We used the standard methodological procedures expected by Cochrane. At least two authors independently screened trials, extracted data, and assessed the risk of bias in the included studies. We contacted trial authors for missing information. We used risk ratio (RR) for dichotomous outcomes and mean difference (MD) or standardised mean difference (SMD) for continuous data, with their 95% confidence intervals (CIs). All analyses were checked by another author.

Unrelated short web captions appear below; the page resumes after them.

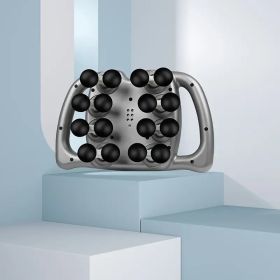 16 Head Fascia Gun, Full Body Massager, Instrument for Waist Back, Legs, Arm Muscle Relaxation, Home Multi-part Massage Gun (Color: Grey)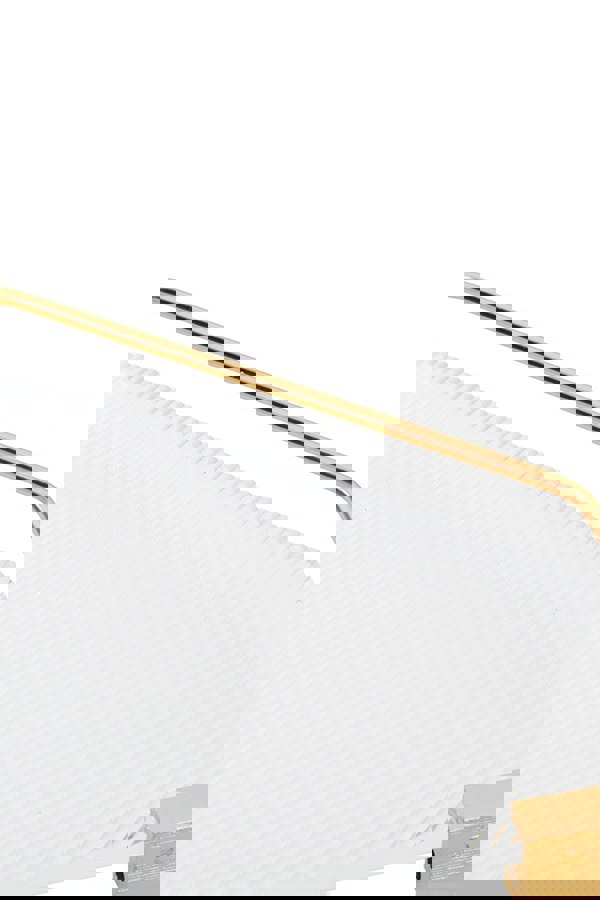 Living and Home Acrylic Bathroom Corner Shelf Adhesive Shower Organiser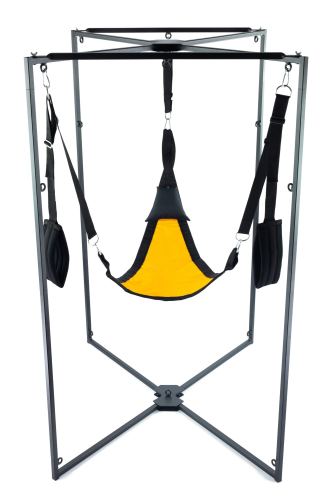 Sling Kit Fabric Triangle Yellow-Black Frame Black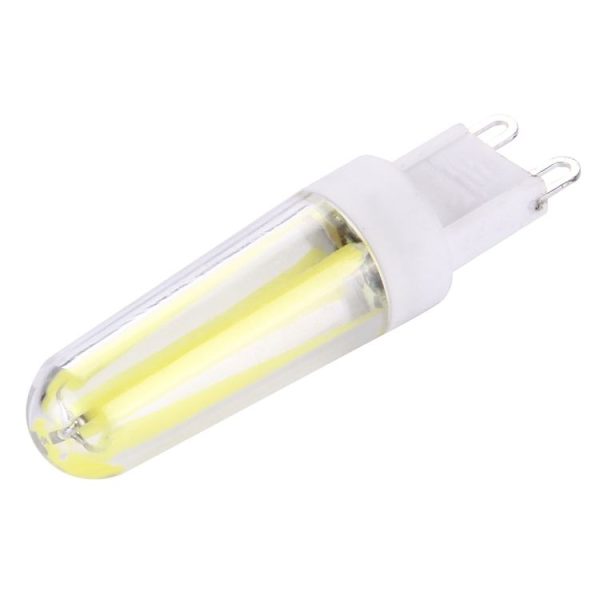 4W Filament Light Bulb, G9 PC Material Dimmable 4 LED for Halls, AC 220-240V (White Light) - Image 2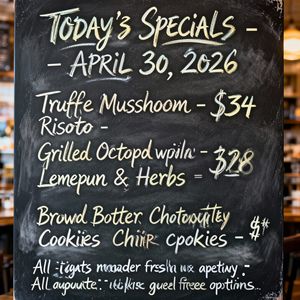 Vidu Q2 — Chalkboard Menu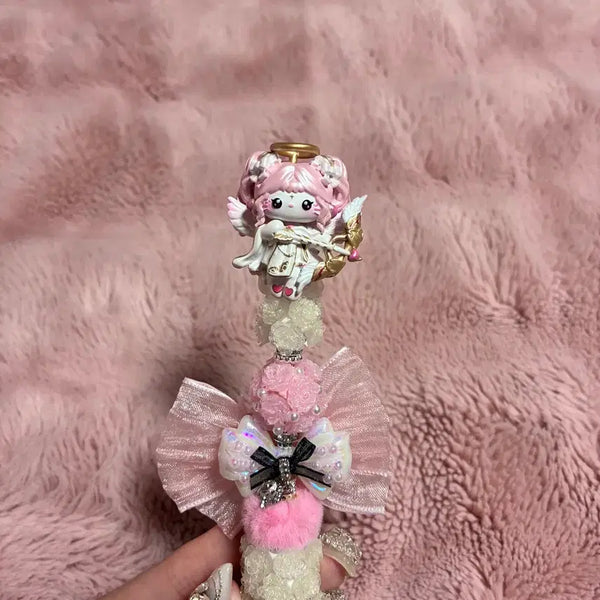 [BUNJANG] Handmade Kitty Figure Beaded Pen / 수제 키티 피규어 수제 볼펜 볼펜꾸미기 비즈 볼펜 핸드메이드 볼펜 볼꾸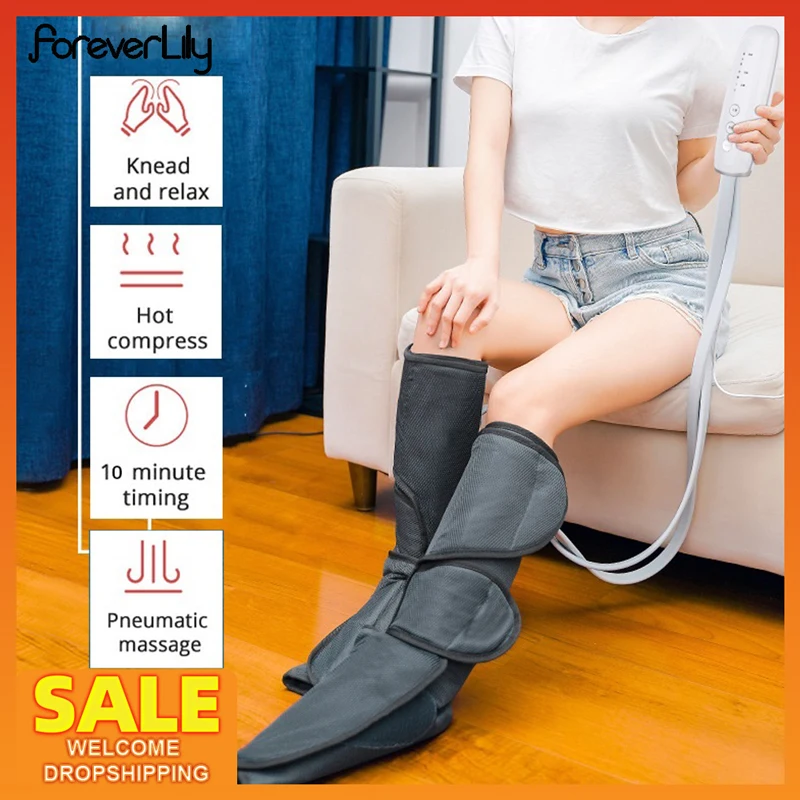 3D Airbags Compression Hot Compress Legs Massager Soothing Kneading Calf Massager Relax Ankle Heel Feet Relive Fatigue Machine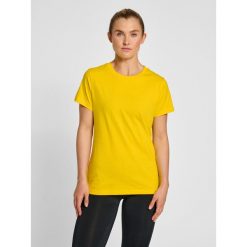 Koszulka damska Hummel Red Heavy. Żółte t-shirty damskie Hummel, s, bez wzorów, z bawełny, klasyczne, bez kołnierzyka. Za 110.00 zł.
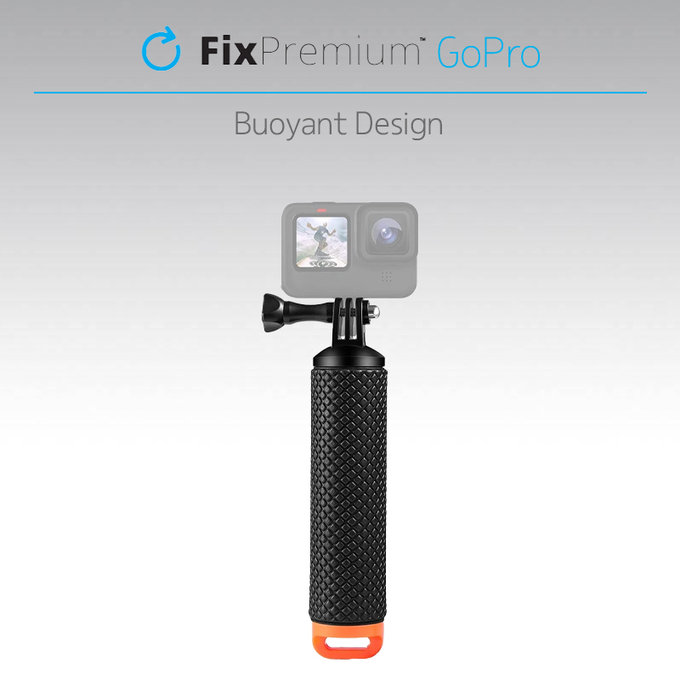 FixPremium - Plutalica za GoPro, crna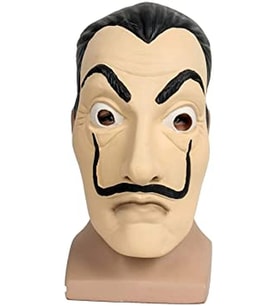 La Casa De Papel Salvador Dali Maskesi Orjinal İthal Ürün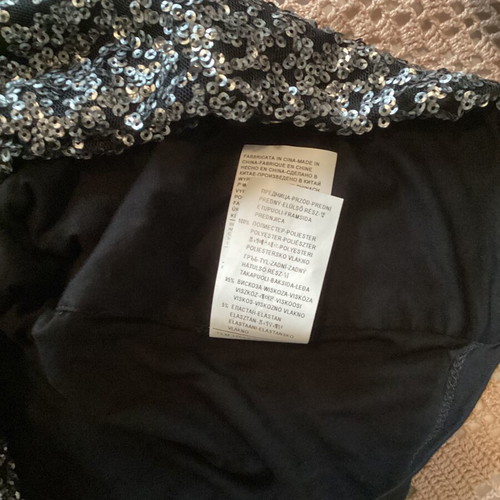 Benetton Black Sleeveless Top with Sequins size M like new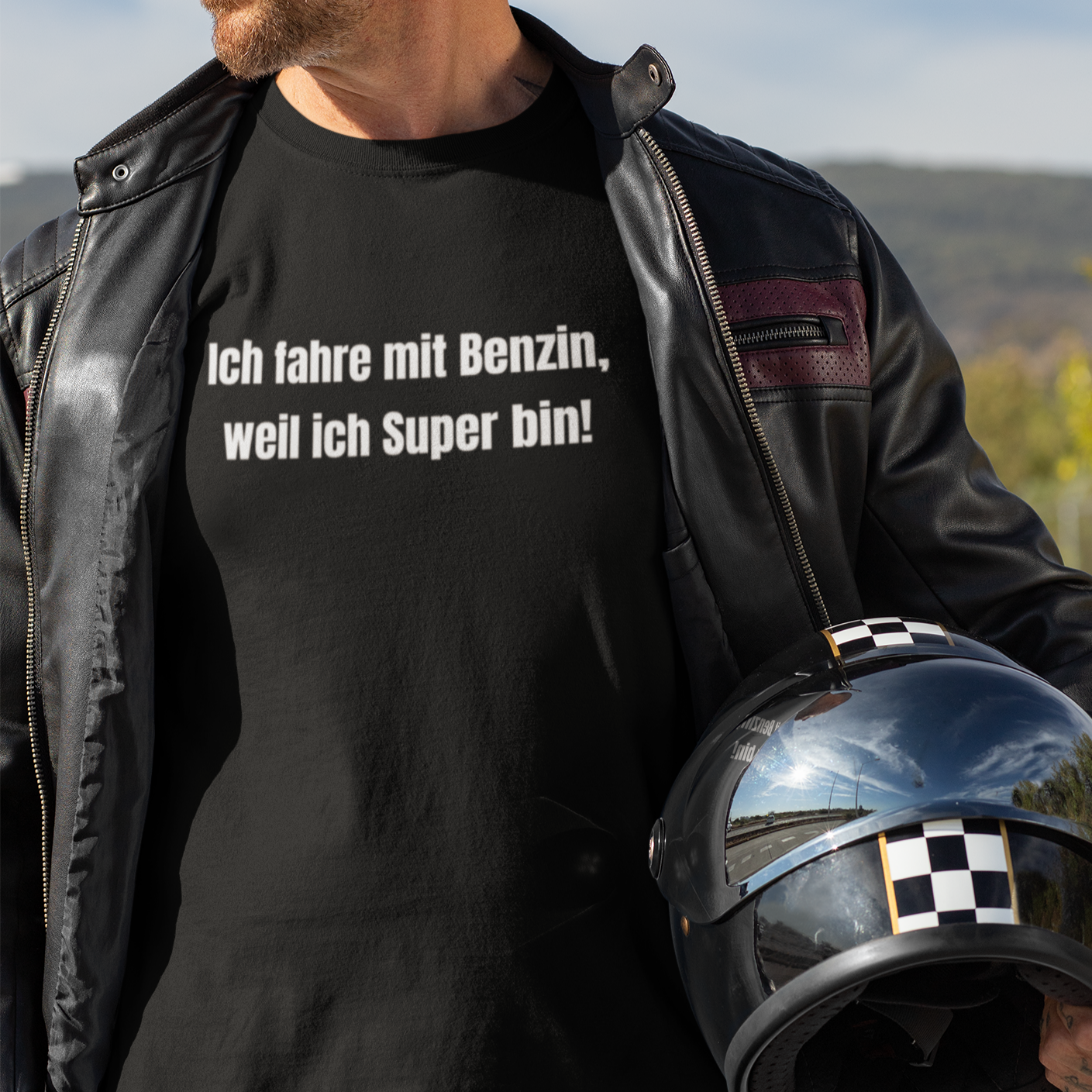 Ich fahre mit Benzin - Basic Shirt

We identified 31 studies (44 reports) including 27,071 participants and two ongoing studies. The risk of bias in the studies was low or unclear for several domains. Compared to the transfemoral approach, the transradial approach reduced short-term net adverse clinical events (NACE) (i.e. assessed during hospitalisation and up to 30 days of follow-up) (RR 0.76, 95% CI 0.61 to 0.94; 17,133 participants; 4 studies; moderate quality evidence), cardiac death (RR 0.69, 95% CI 0.54 to 0.88; 11,170 participants; 11 studies; moderate quality evidence). However, short-term myocardial infarction was similar between both groups (RR 0.91, 95% CI 0.81 to 1.02; 19,430 participants; 11 studies; high quality evidence). The transradial approach had a lower procedural success rate (RR 0.97, 95% CI 0.96 to 0.98; 25,920 participants; 28 studies; moderate quality evidence), but was associated with a lower risk of all-cause mortality (RR 0.77, 95% CI 0.62 to 0.95; 18,955 participants; 10 studies; high quality evidence), bleeding (RR 0.54, 95% CI 0.40 to 0.74; 23,043 participants; 20 studies; low quality evidence), and access site complications (RR 0.36, 95% CI 0.22 to 0.59; 16,112 participants; 24 studies; low quality evidence).